- WHAT YOU WILL DO -
Each record below must be written out exactly as given.

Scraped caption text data
--

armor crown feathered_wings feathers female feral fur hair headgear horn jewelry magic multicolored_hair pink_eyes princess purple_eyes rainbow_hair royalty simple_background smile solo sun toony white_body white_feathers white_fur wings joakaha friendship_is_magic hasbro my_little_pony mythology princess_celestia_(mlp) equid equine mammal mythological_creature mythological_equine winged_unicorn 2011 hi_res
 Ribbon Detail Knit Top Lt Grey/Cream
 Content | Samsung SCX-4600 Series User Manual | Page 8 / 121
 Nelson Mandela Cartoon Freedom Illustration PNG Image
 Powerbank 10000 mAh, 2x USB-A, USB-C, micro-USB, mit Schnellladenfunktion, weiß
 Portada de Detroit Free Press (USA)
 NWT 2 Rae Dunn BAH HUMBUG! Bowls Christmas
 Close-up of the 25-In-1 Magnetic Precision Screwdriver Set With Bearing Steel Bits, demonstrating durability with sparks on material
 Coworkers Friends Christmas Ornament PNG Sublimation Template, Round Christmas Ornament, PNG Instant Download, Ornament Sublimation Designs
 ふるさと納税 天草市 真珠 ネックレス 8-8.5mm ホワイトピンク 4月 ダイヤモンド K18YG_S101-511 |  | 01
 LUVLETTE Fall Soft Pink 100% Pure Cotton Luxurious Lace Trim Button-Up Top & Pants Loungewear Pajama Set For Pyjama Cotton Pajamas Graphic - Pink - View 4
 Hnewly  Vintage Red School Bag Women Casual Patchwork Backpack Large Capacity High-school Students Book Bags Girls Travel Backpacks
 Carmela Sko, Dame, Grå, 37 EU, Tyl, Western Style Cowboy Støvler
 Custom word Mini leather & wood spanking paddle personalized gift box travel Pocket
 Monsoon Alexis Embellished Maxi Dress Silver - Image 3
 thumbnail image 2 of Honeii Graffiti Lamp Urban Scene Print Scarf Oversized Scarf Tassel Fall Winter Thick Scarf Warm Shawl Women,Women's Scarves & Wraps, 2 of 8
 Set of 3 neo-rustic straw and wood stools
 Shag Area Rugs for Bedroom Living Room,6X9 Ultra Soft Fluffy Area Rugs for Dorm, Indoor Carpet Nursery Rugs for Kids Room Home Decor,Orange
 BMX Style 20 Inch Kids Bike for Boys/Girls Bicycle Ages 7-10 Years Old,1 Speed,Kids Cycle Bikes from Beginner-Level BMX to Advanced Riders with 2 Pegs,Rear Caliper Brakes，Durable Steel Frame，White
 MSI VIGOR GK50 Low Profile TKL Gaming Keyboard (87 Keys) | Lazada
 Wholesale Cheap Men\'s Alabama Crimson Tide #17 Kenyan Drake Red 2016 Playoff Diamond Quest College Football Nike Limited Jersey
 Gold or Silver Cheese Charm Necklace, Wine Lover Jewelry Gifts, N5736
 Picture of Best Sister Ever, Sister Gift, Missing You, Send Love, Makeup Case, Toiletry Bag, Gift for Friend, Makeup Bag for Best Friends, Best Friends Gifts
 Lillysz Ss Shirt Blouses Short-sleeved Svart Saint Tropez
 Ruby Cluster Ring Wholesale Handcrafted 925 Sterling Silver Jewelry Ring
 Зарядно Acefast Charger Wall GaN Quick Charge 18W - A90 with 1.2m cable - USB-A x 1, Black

--

- FINAL ANSWER -
armor crown feathered_wings feathers female feral fur hair headgear horn jewelry magic multicolored_hair pink_eyes princess purple_eyes rainbow_hair royalty simple_background smile solo sun toony white_body white_feathers white_fur wings joakaha friendship_is_magic hasbro my_little_pony mythology princess_celestia_(mlp) equid equine mammal mythological_creature mythological_equine winged_unicorn 2011 hi_res
 Ribbon Detail Knit Top Lt Grey/Cream
 Content | Samsung SCX-4600 Series User Manual | Page 8 / 121
 Nelson Mandela Cartoon Freedom Illustration PNG Image
 Powerbank 10000 mAh, 2x USB-A, USB-C, micro-USB, mit Schnellladenfunktion, weiß
 Portada de Detroit Free Press (USA)
 NWT 2 Rae Dunn BAH HUMBUG! Bowls Christmas
 Close-up of the 25-In-1 Magnetic Precision Screwdriver Set With Bearing Steel Bits, demonstrating durability with sparks on material
 Coworkers Friends Christmas Ornament PNG Sublimation Template, Round Christmas Ornament, PNG Instant Download, Ornament Sublimation Designs
 ふるさと納税 天草市 真珠 ネックレス 8-8.5mm ホワイトピンク 4月 ダイヤモンド K18YG_S101-511 |  | 01
 LUVLETTE Fall Soft Pink 100% Pure Cotton Luxurious Lace Trim Button-Up Top & Pants Loungewear Pajama Set For Pyjama Cotton Pajamas Graphic - Pink - View 4
 Hnewly  Vintage Red School Bag Women Casual Patchwork Backpack Large Capacity High-school Students Book Bags Girls Travel Backpacks
 Carmela Sko, Dame, Grå, 37 EU, Tyl, Western Style Cowboy Støvler
 Custom word Mini leather & wood spanking paddle personalized gift box travel Pocket
 Monsoon Alexis Embellished Maxi Dress Silver - Image 3
 thumbnail image 2 of Honeii Graffiti Lamp Urban Scene Print Scarf Oversized Scarf Tassel Fall Winter Thick Scarf Warm Shawl Women,Women's Scarves & Wraps, 2 of 8
 Set of 3 neo-rustic straw and wood stools
 Shag Area Rugs for Bedroom Living Room,6X9 Ultra Soft Fluffy Area Rugs for Dorm, Indoor Carpet Nursery Rugs for Kids Room Home Decor,Orange
 BMX Style 20 Inch Kids Bike for Boys/Girls Bicycle Ages 7-10 Years Old,1 Speed,Kids Cycle Bikes from Beginner-Level BMX to Advanced Riders with 2 Pegs,Rear Caliper Brakes，Durable Steel Frame，White
 MSI VIGOR GK50 Low Profile TKL Gaming Keyboard (87 Keys) | Lazada
 Wholesale Cheap Men\'s Alabama Crimson Tide #17 Kenyan Drake Red 2016 Playoff Diamond Quest College Football Nike Limited Jersey
 Gold or Silver Cheese Charm Necklace, Wine Lover Jewelry Gifts, N5736
 Picture of Best Sister Ever, Sister Gift, Missing You, Send Love, Makeup Case, Toiletry Bag, Gift for Friend, Makeup Bag for Best Friends, Best Friends Gifts
 Lillysz Ss Shirt Blouses Short-sleeved Svart Saint Tropez
 Ruby Cluster Ring Wholesale Handcrafted 925 Sterling Silver Jewelry Ring
 Зарядно Acefast Charger Wall GaN Quick Charge 18W - A90 with 1.2m cable - USB-A x 1, Black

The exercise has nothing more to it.